28/01/00
Não é preciso, possível ou saudável pensar na morte todo tempo. Evitamos o tema quando nos acomete, conscientemente ou não. Fugimos de pensar no morrer. Engolimos imagens pré-fabricadas, corriqueiras no inconsciente de todos: o esqueleto, a senhora feia, muito magra com a foice - a ceifadora de vidas.
Esta imagem sublinha um modo oblíquo de ver: sugere que viver é mais natural do que morrer, apesar do empate - o número de nascimentos iguala o de mortes. Pequenas diferenças são efêmeras. No fim, dá empate rigoroso. A morte surge como aquela que interrompe a perenidade da vida, e não, como parte dela. O sonho de eternidade é nossa maior ganância.
Inventamos a vida eterna, quiçá marca registrada da humanidade, nosso visto de saída do mundo dos macacos, certidão de divórcio do resto da bicharada, do formidável bestiário que ocupou Jeová mais de uma tarde e uma manhã. São todos incapazes da consciência da própria pena capital.
Inventamos vidas eternas, múltiplas facetas de um desejo ferrenho, nosso sonho maior, e criamos o céu e o inferno, muitos céus e infernos e uma fiada de reencarnações. A idéia de acabar, simplesmente, com um singelo ponto final, parece insuportável a cada umbigo. Tudo pode acabar, mas eu, logo eu!?! Por quê?
Outra imagem da morte: um ponto final. Fim, e ponto. Lacônico. Fim de letreiro de fim de filme, porque filme acaba, como tudo. Como tudo que começa, como a luz do sol depois de muita tempestade, porque tormenta acaba, ela que, antes, foi fim de estiagem, porque seca também acaba, como tudo, e na terminação de uma está o nascedouro da outra.

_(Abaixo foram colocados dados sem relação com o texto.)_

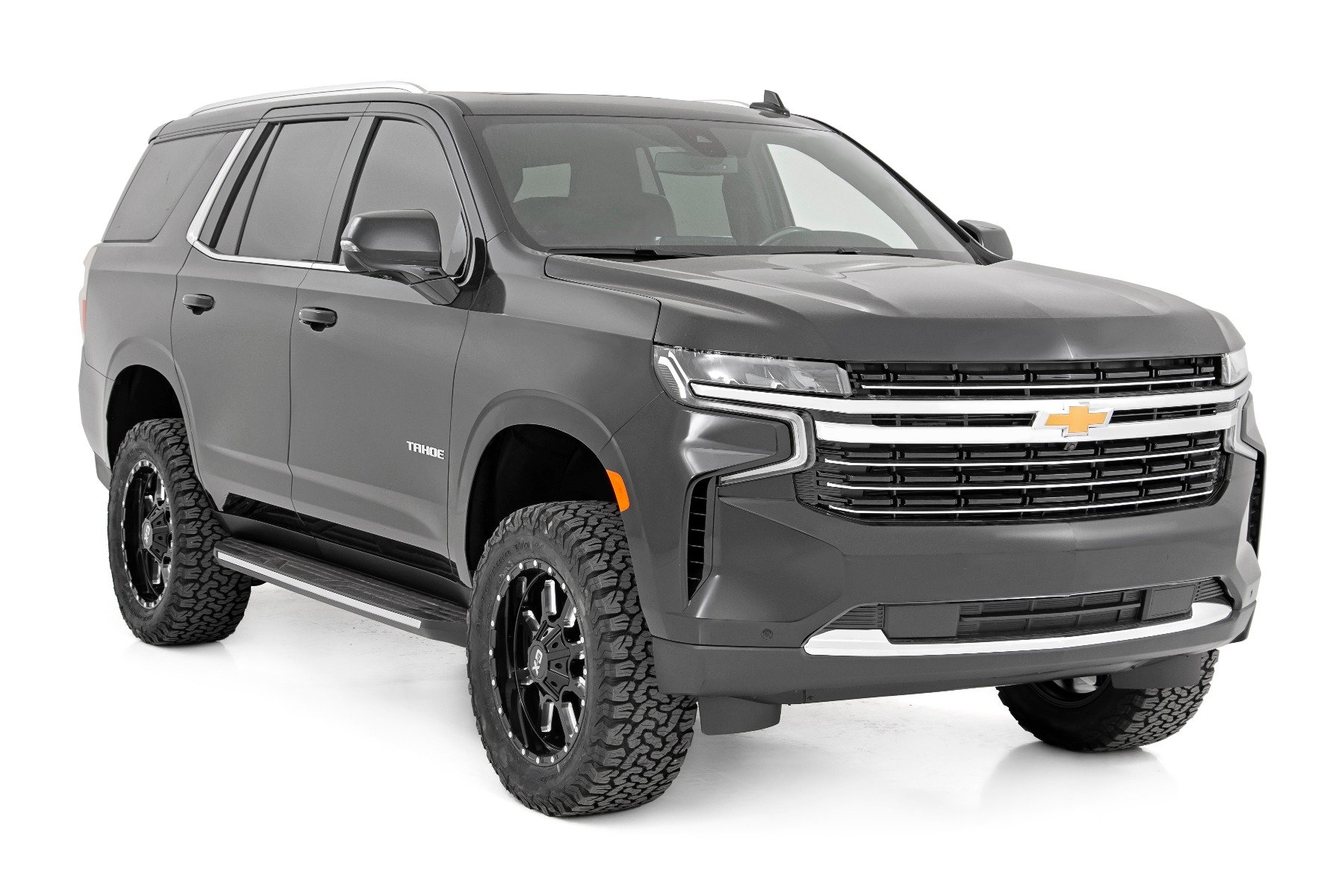 https://ewr1.vultrobjects.com/sema-data-images/DHTP/2021-chevy-tahoe-suburban-3in-suspension-11400.jpg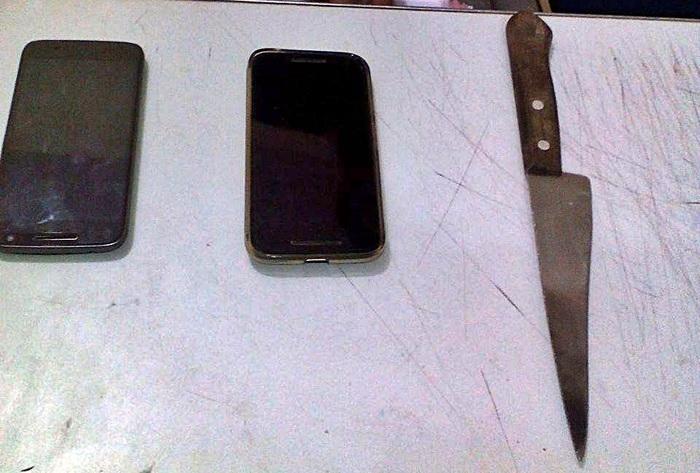Celulares e faca utilizada no assalto.  (Crédito: Kairo Amaral)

Esvai-se nas brincadeiras a imagem aludida, sem mencionar a idéia do treino cotidiano para o fim. O acabar completo de cada coisa. A inexistência de rabichos psicológicos e materiais para arrastar para amanhã e depois e depois e por todos os amanhãs que são sempre hojes carregados de ontens... Meu deus! Tudo precisa de um ponto final.